Check Type	Redundancy Bits	Possible Remainders	Approximate Random Undetected Error Probability	Approximate Percent
Single parity bit	1	2	1 / 2	50%
CRC-8	8	256	1 / 256	0.390625%
CRC-16	16	65,536	1 / 65,536	0.0015258789%
CRC-32	32	4,294,967,296	1 / 4,294,967,296	0.0000000233%

The table above uses exact powers of two, so these are real mathematical figures, not marketing claims. In practice, however, protocol design is about more than raw probability. Message length, channel noise model, expected burst patterns, and implementation constraints all influence whether CRC-8 Dallas/Maxim is a good fit. For short identifiers and concise sensor transactions, it often is. For larger frames or safety-critical communications, developers frequently step up to CRC-16 or CRC-32.

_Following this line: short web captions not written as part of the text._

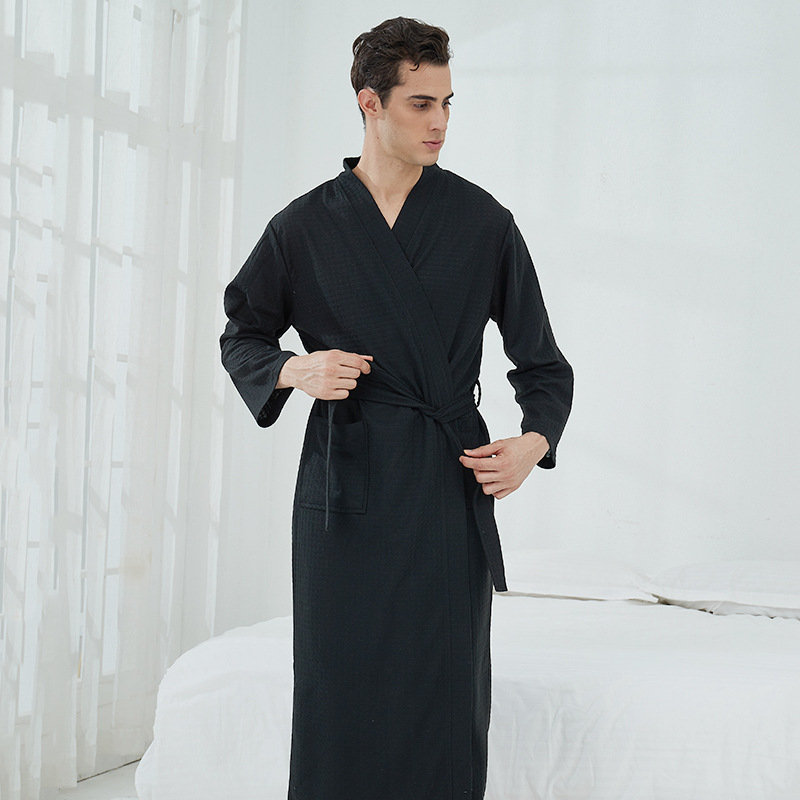 Picture of Cross-border Waffle Bathrobe Sauna Clothes Women's Thin Nightgown Long Couple's Home Clothes Hotel Bathrobe Men's Hair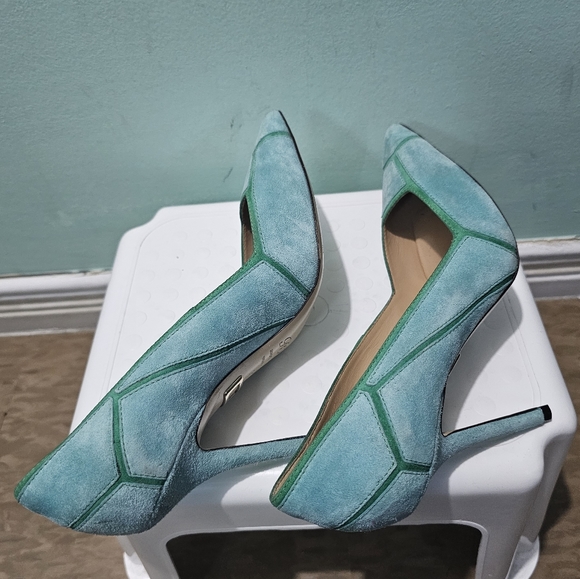 NEW ROGER VIVIER Green Suede Two Tone Leather Pointed Toe Stiletto Heels sz 36 - Picture 12 of 15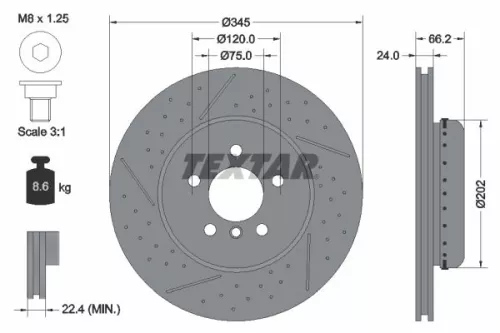 TEXTAR TEXTAR (92265525) 1x  TEXTAR Brake Disc 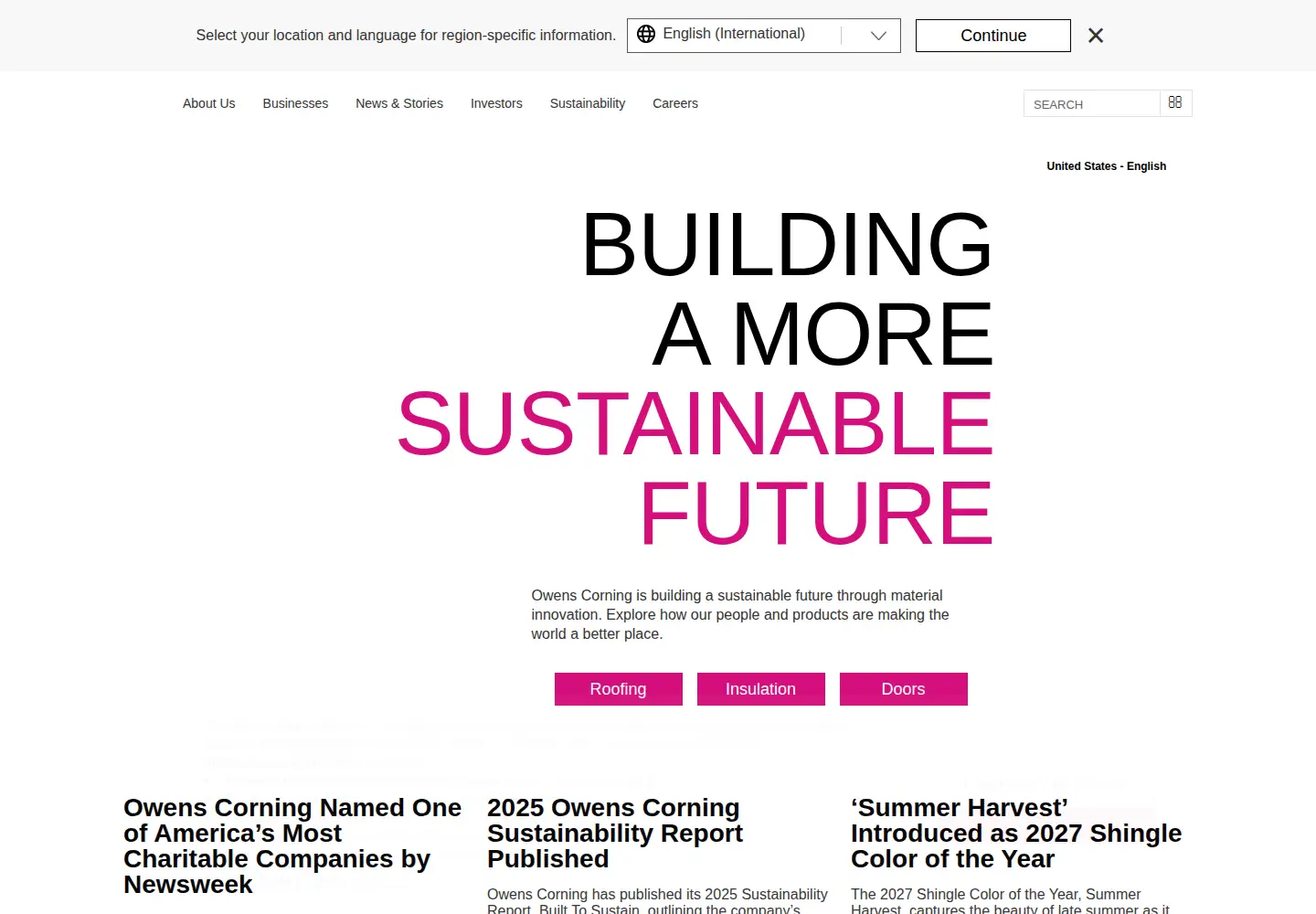 Captured homepage of owenscorning.com in the current scan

How to Use the Calculator Correctly

1. Enter your message in the appropriate format. Use text mode for readable strings and hex mode for exact byte-level control.
2. Verify the parameters. For standard Dallas/Maxim work, keep poly at 0x31, init at 0x00, refin/refout true, and xorout 0x00.
3. Press calculate and inspect the displayed hex, decimal, and binary outputs.
4. Review the byte preview so you know exactly which bytes were processed.
5. Use the running CRC chart to compare intermediate states when troubleshooting with firmware or hardware logs.

Common Pitfalls

• Mixing text and hex interpretations. The characters “31 32 33” are not the same as the bytes 0x31, 0x32, 0x33 unless you intend them to be.
• Forgetting reflection. Dallas/Maxim is commonly reflected. Turning that off changes the algorithm.
• Using the wrong polynomial representation. Some references list reflected or reciprocal forms. Make sure you know whether a document expects the normal polynomial or the reflected one in code.
• Appending the CRC in the wrong byte order or position. On an 8-bit CRC this is simpler than wider CRCs, but framing still matters.
• Comparing against a different protocol profile. “CRC-8” by itself is not enough detail.

Where CRC-8 Dallas/Maxim Fits Best

This CRC is ideal where messages are short, overhead must stay tiny, and implementations need to be easy to audit. Typical examples include serial numbers, ROM code verification, compact command packets, low-power bus traffic, and small sensor payloads. It is less attractive when packets grow longer or when the cost of a missed error becomes severe. In those scenarios, a 16-bit or 32-bit CRC generally provides a better margin.

Even so, CRC-8 Dallas/Maxim remains relevant because embedded development is full of narrow buses, battery-powered devices, and low-cost microcontrollers. A one-byte CRC that is standardized, well-known, and easy to validate with the canonical test string continues to be useful. The trick is disciplined implementation. Engineers should document the exact parameter set in protocol specifications, include at least one worked example, and test both transmit and receive paths using known vectors.

Reference and Further Reading

If you want to go deeper into CRC theory, polynomial selection, and protocol quality, these external references are excellent starting points:

• Carnegie Mellon University CRC resources by Philip Koopman
• MIT 6.02 notes on error detection and CRC concepts
• National Institute of Standards and Technology

Final Takeaway

A CRC-8 Dallas/Maxim calculator is more than a convenience widget. It is a verification aid, an interoperability checkpoint, and a debugging accelerator. When you use it with the correct parameter set, it gives you a reliable one-byte checksum for compact messages and device data. The most important habits are simple: know your bytes, know your parameters, verify with the standard check vector, and compare intermediate states when debugging. Follow those steps and CRC mismatches become much easier to solve.